Lucas Fadul
Brasília – O governo de Kiev e os separatistas do Leste da Ucrânia firmaram ontem acordo para um cessar-fogo, em mais uma tentativa de reverter a escalada da violência na ex-república soviética. A suspensão das hostilidades, em vigor desde as 15h locais, foi estabelecida após uma conversa por telefone entre o presidente ucraniano, Petro Poroshenko, e o colega russo, Vladimir Putin. “Essa é a razão pela qual acredito que é nossa responsabilidade comum fazer esse cessar-fogo durar por muito tempo”, indicou Poroshenko. A conclusão da trégua coincidiu com o encerramento da cúpula da Organização do Tratado do Atlântico Norte (Otan), em Newport, no País de Gales. Para fazer frente ao que chamou de “agressão russa à Ucrânia”, a aliança militar ocidental anunciou a criação de uma força permanente de pronta-resposta no Leste Europeu.
O secretário-geral da Otan, Anders Fogh Rasmussen, manifestou cautela e reservas em relação ao plano de Moscou para solucionar a crise ucraniana, mas disse esperar que a trégua marque o começo de um processo político rumo ao fim do conflito. “Uma coisa é declarar um cessar-fogo, mas a próxima etapa crucial é a aplicação, de boa-fé, e isso ainda precisa ser visto”, ponderou, durante entrevista coletiva no encerramento da cúpula de Newport. De acordo com Rasmussen, os milhares de soldados da nova força poderão ser posicionados em qualquer lugar mundo no intervalo de poucos dias. “Nesses tempos turbulentos, a Otan deve estar pronta a assumir todas as missões e a proteger os aliados contra ameaças”, explicou o secretário-geral. Dos 4 mil militares que devem integrar a unidade, o Reino Unido se comprometeu a ceder mil.

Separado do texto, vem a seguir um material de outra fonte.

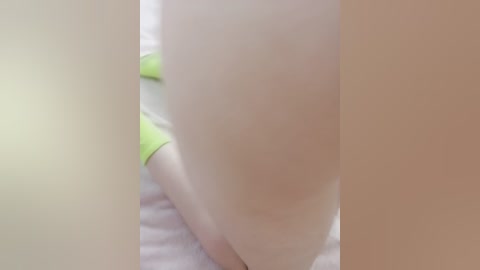 elena_g free recording from 2025-12-24 02:15:00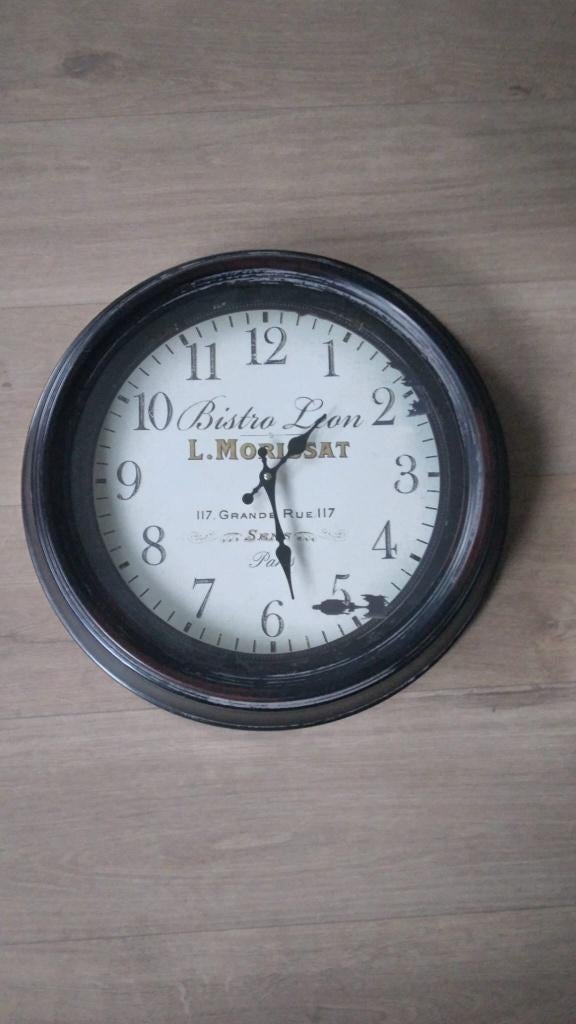 grote ronde klok Bistro Leon L. Morissat (batterij), Antiek en Kunst, Antiek | Klokken, Ophalen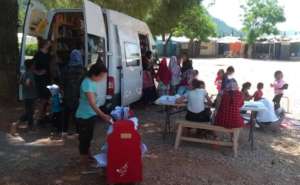 Get a mobile library to refugee camps in Greece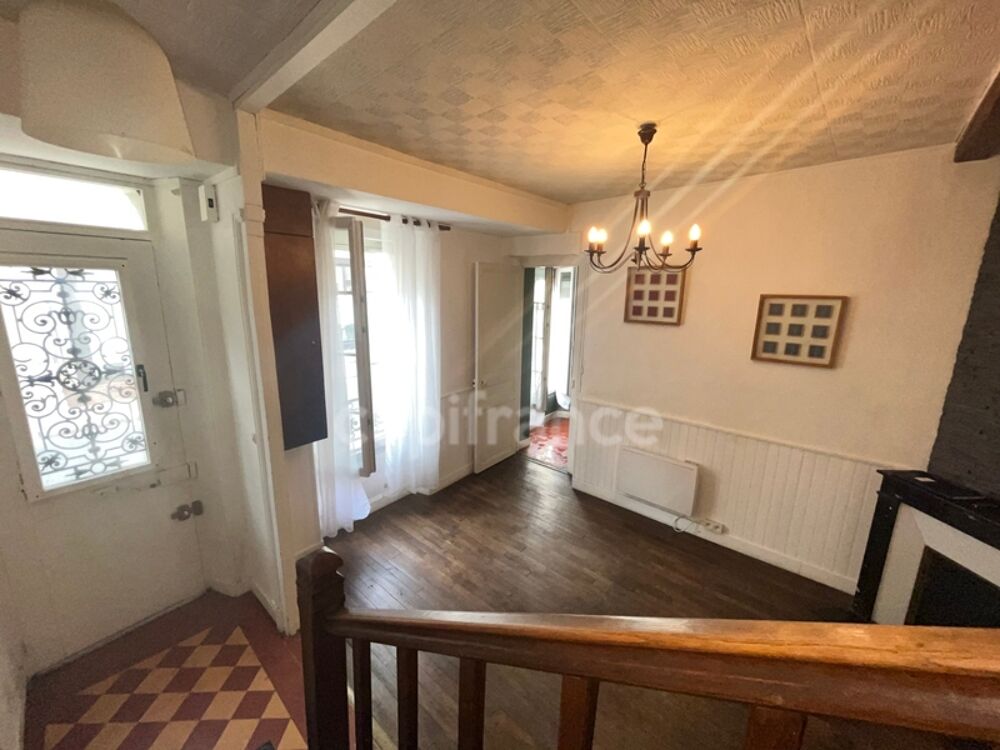 Vente Maison Maison de ville de caractère au coeur de CHÂTEAU RENARD (45) - 4 pièces - idéal primo accédant ou investisseur ou activité profe Chateau renard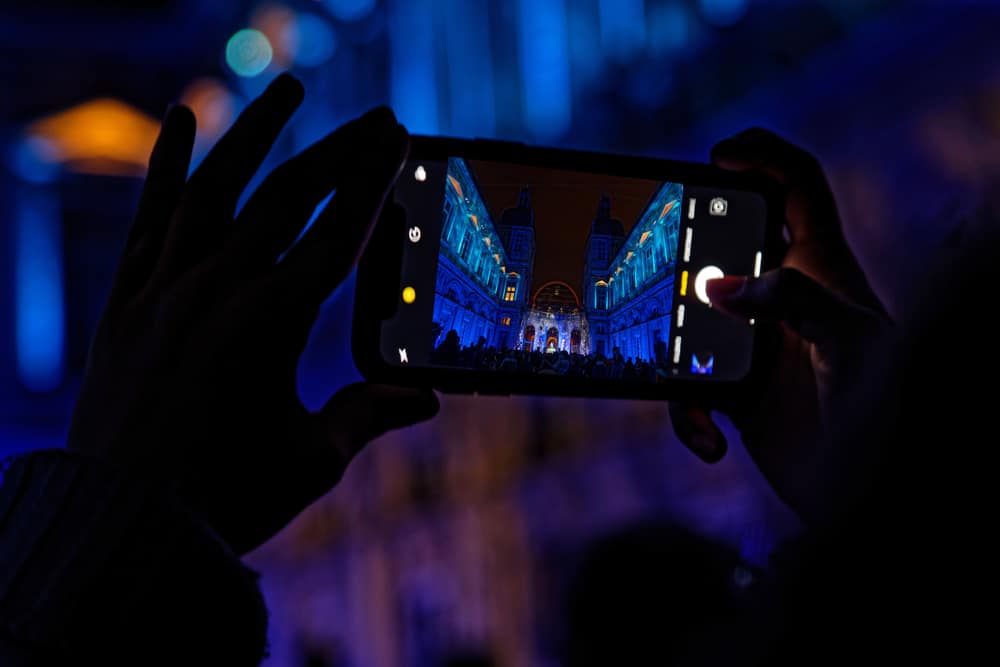 French Assembly passes bill allowing police to remotely activate phone cameras and microphones for surveillance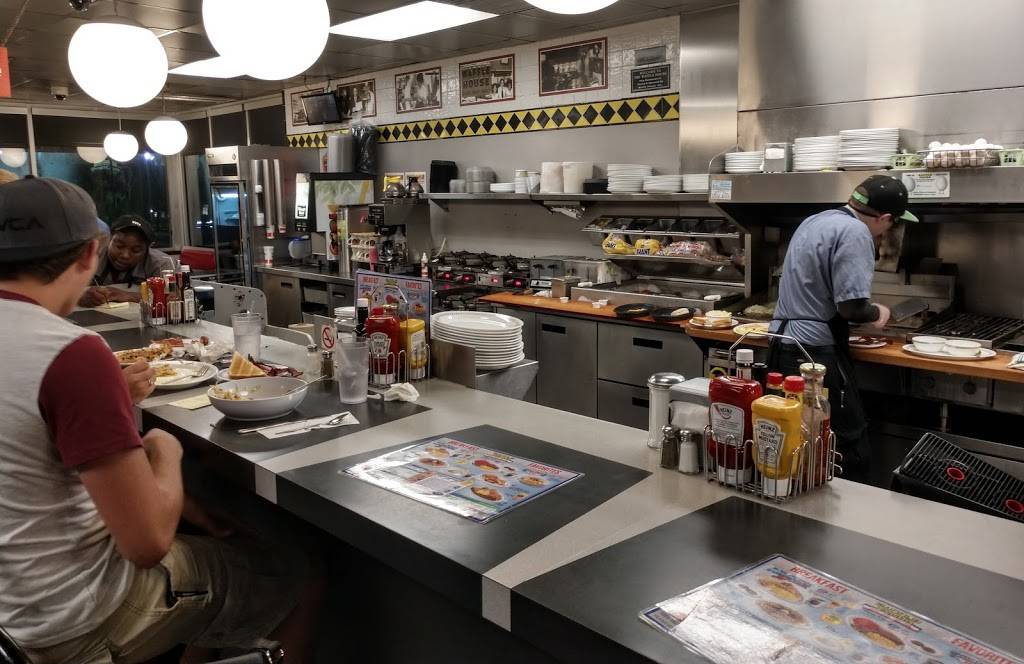 Waffle House | meal takeaway | 604 South Hwy 17 S, North Myrtle Beach, SC 29582, USA | 8432723855 OR +1 843-272-3855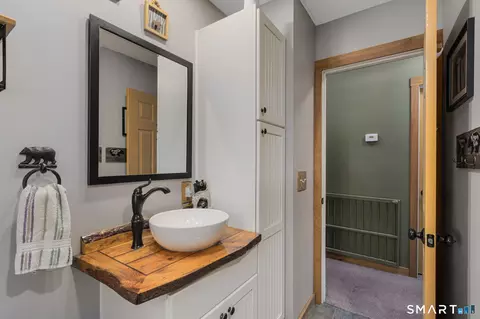 Bath - 34 Robert Ave, Killingly, CT 06239 photo 2 of 3
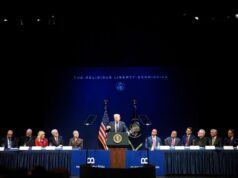 Ex-Miss Califórnia expulsa da Comissão de Liberdade Religiosa de Trump em disputa sobre anti-semitismo Ex-Miss Califórnia expulsa da Comissão de Liberdade Religiosa de Trump em disputa sobre anti-semitismo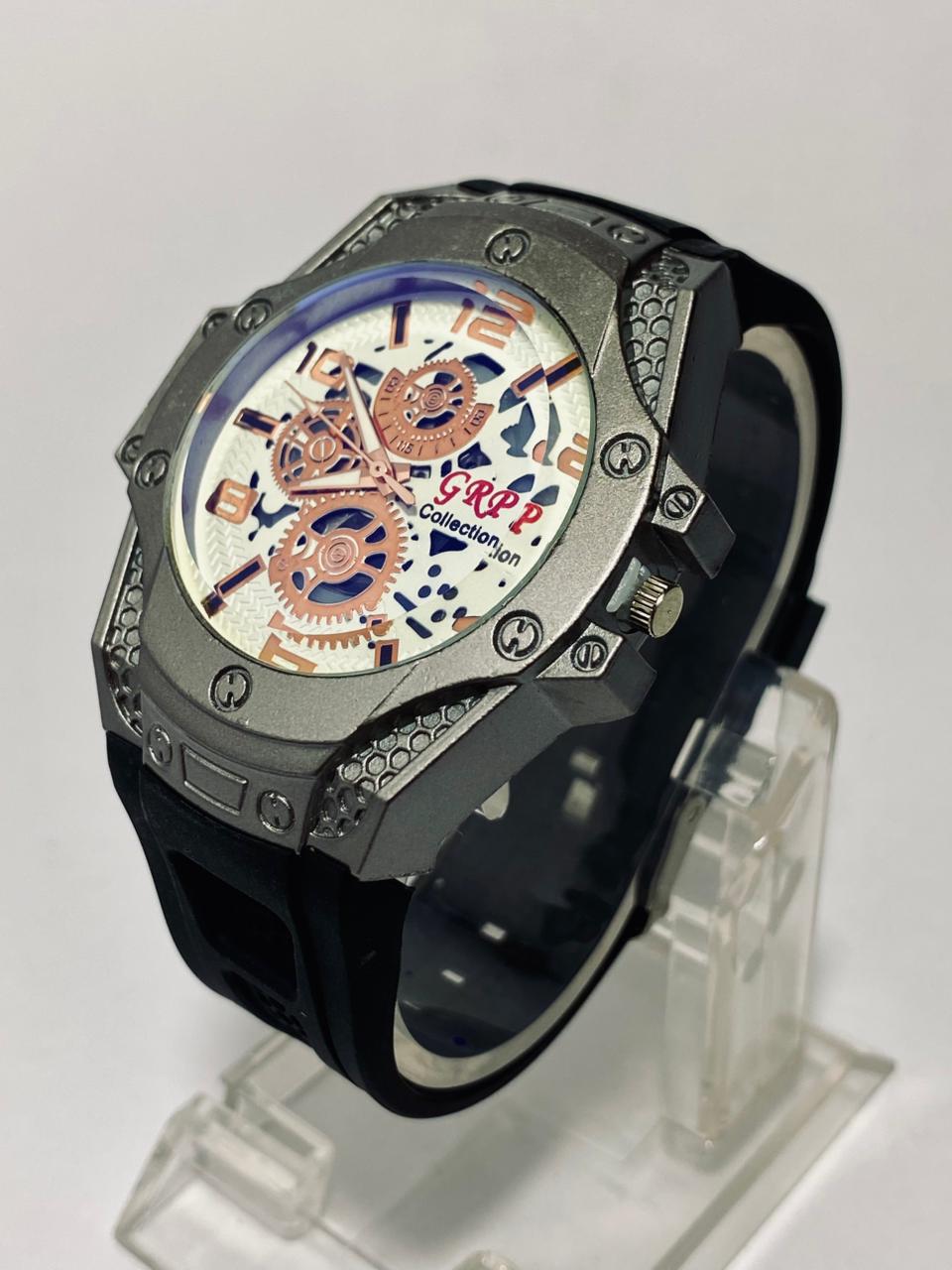 Commodus Automatic Skeleton Leather-Band Watch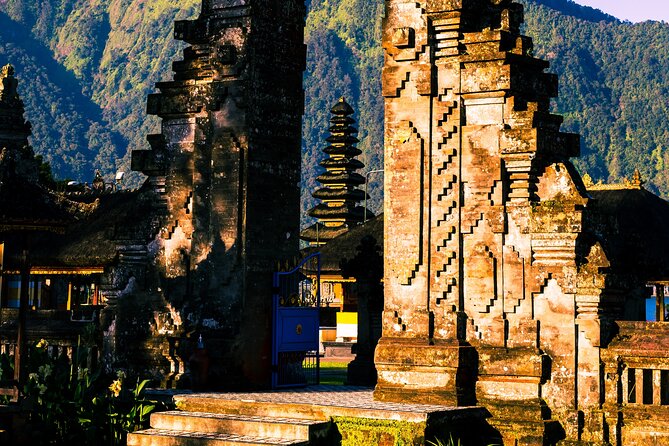 Tanah Lot - Jatiluwih (UNESCO) - Beratan Lake - Hidden Hill (Wanagiri) - FREE WI-FI - Amenities and Inclusions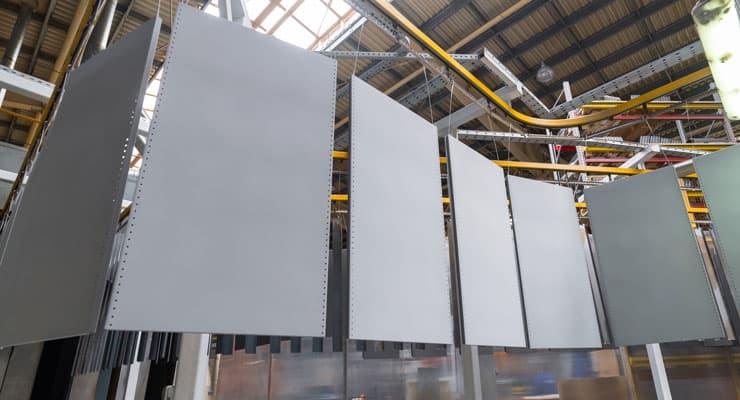 Gecoate panelen opgehangen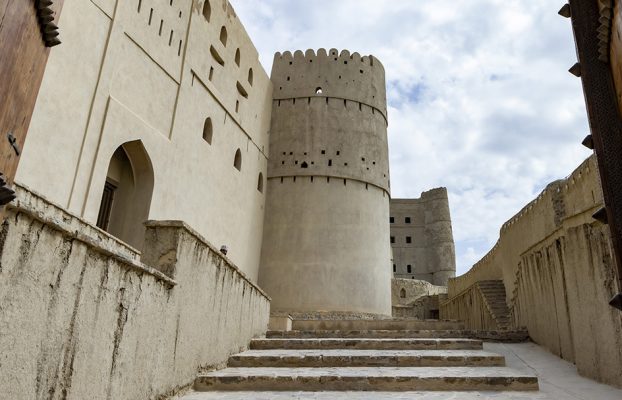 التـاريــخ والتــراث.. من مُقَوِّمـات ثقافتنـا الخالـدة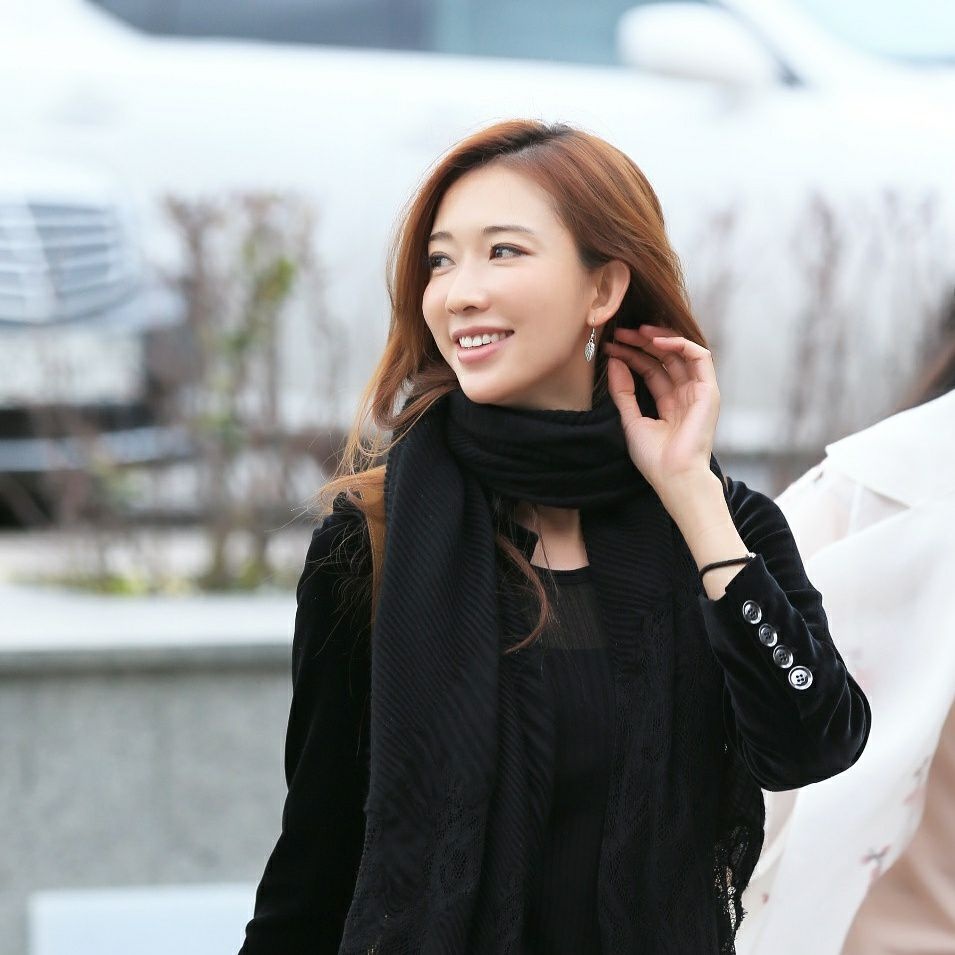 Nhan sac tuoi 44 cua Lam Chi Linh anh 10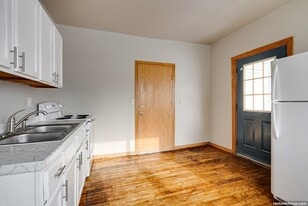 618 N Ashland Ave in Green Bay, WI - Building Photo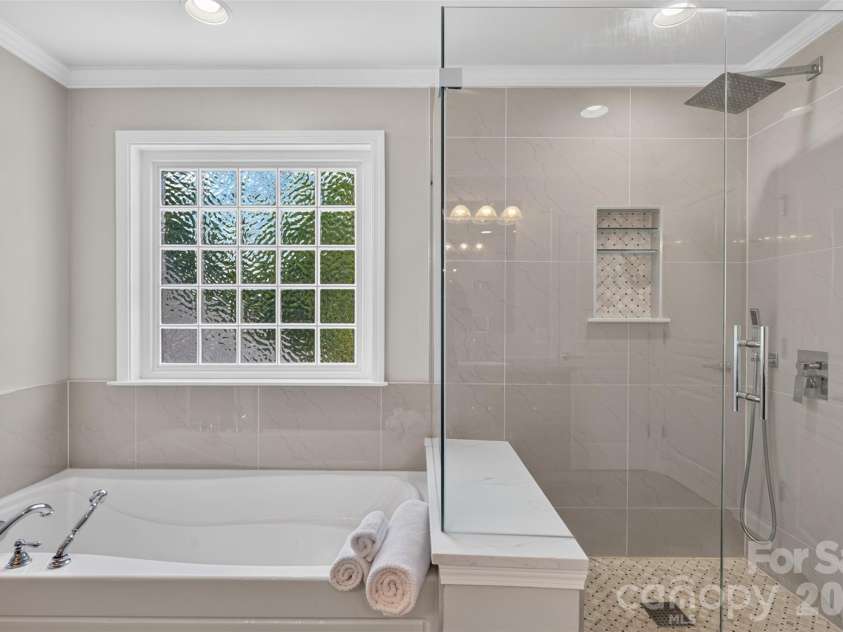 2109 Goddard Way, Waxhaw, NC 28173.  MLS# CAR4401549, YatesRealty ID 37513. Primary bath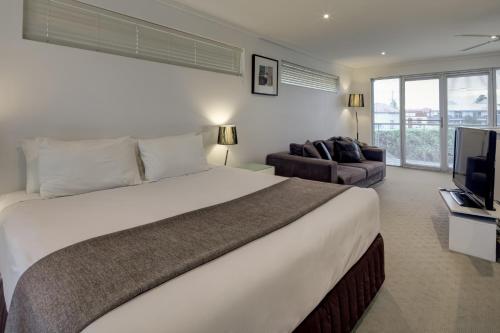 แอชมอนท์ มอเตอร์ อินน์ (Ashmont Motor Inn) in พอร์ทแฟรี่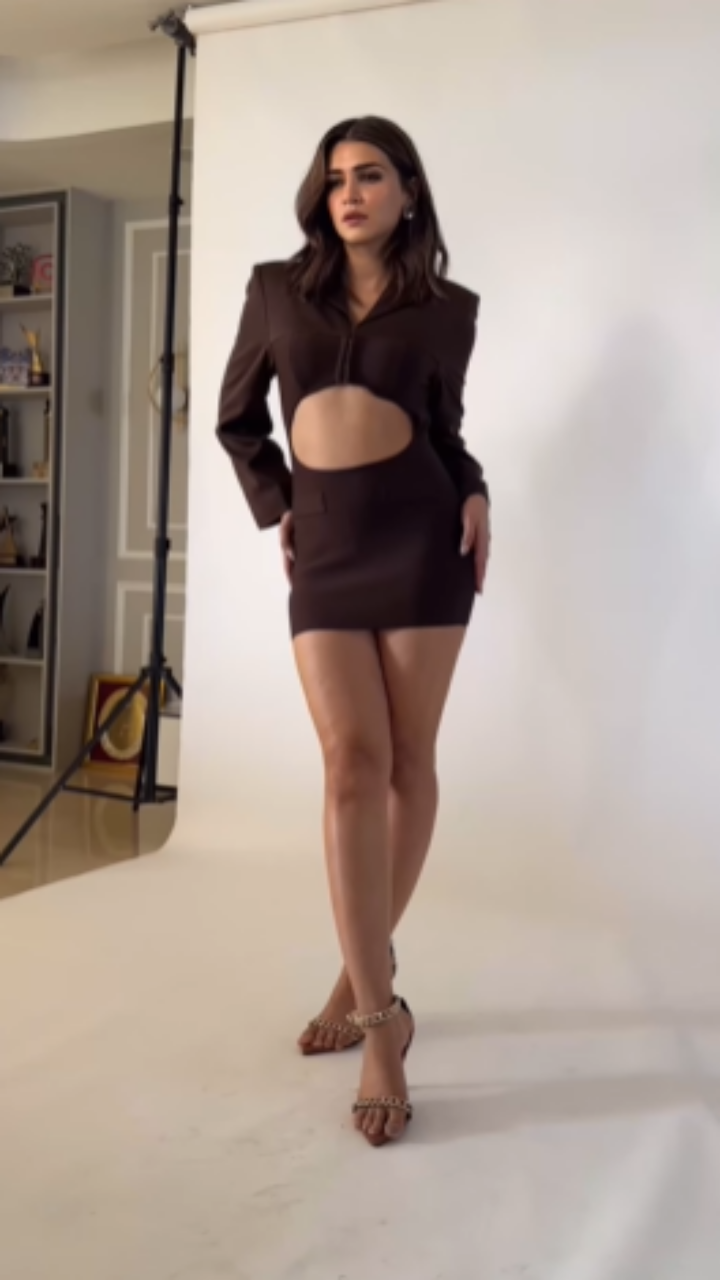 kriti sanon short dress Kriti Sanon's off-shoulder mini dress at Housefull 4 promotions is the perfect day-to-night look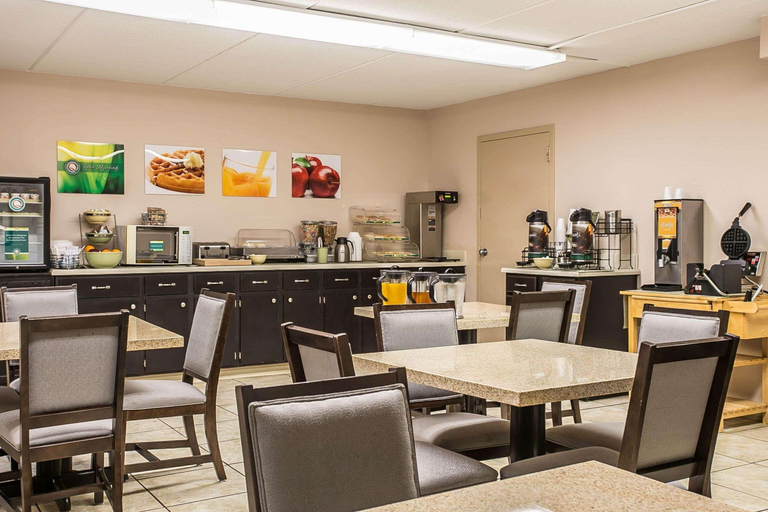 Food & Drinks 4, Quality Inn Hartsville, Darlington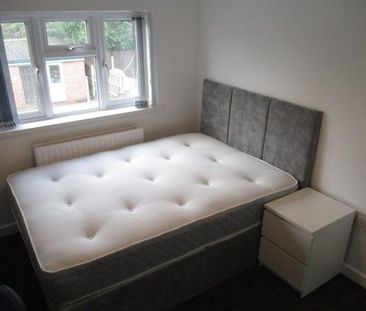 4 bedroom semi-detached house to rent - Photo 4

O presidente Barack Obama fez coro com as desconfianças Rasmussen em relação à proposta do Kremlin para pôr fim ao conflito separatista, mas também manifestou esperança de que a trégua possa arrefecer as tensões. O líder americano voltou a ameaçar Moscou com mais sanções econômicas, embora tenha acenado com a rápida suspensão das represálias, caso o cessar-fogo perdure.
Um correspondente da agência de notícias Reuters no leste da Ucrânia informou ter ouvido três explosões ao norte de Donestk – principal reduto separatista –, minutos depois de a trégua entrar em vigor. Nas primeiras horas do dia, os combates prosseguiam também nos acessos a Mariupol, estratégico porto sob assédio rebelde. “Nós também enviamos uma mensagem forte para a Rússia, de que as ações têm consequências. Hoje, os EUA e a Europa estão finalizando medidas para aprofundar e ampliar as sanções contra setores de energia, defesa e finanças da Rússia”, completou Obama. Putin é acusado pelos líderes ocidentais de apoiar a contra-ofensiva dos separatistas com armamento e tropas.
VITÓRIA
Em entrevista por telefone, o cientista político Heni Ozi Cukier, professor de relações internacionais da Escola Superior de Propaganda e Marketing (ESPM), disse que, até o momento, a derrota no conflito parece ficar com o governo de Kiev. “O status quo é a vitória da Rússia”, afirmou. “Há pouco tempo, os insurgentes e as forças ucranianas anunciaram um cessar-fogo de 15 dias, que não durou nada”, lembrou. “A única saída militar para a Ucrânia seria derrotar os separatistas. Kiev precisa de vitórias militares e políticas, mas não acho que isso acontecerá.”
Para Heni, mesmo que a Rússia tentasse estabelecer-se no Leste da Ucrânia pela força, não haveria intervenção externa em defesa de Kiev. “Putin pode conseguir o quer realizando a manutenção do envio de tropas. Acredito que o Ocidente não fará nada mesmo que ele invada as regiões de conflito”, analisa. “O presidente russo teria de fazer algo bem mais grave, como invadir a Ucrânia inteira ou alguma das ex-repúblicas soviéticas do Báltico (Letônia, Lituânia e Estônia, as três integrantes da Otan), para desencadear alguma resposta ocidental efetiva”. Ainda segundo o especialista, caso não consiga arrastar a Otan para o conflito, o governo de Kiev terá de fazer concessões e conformar-se com a perda de território.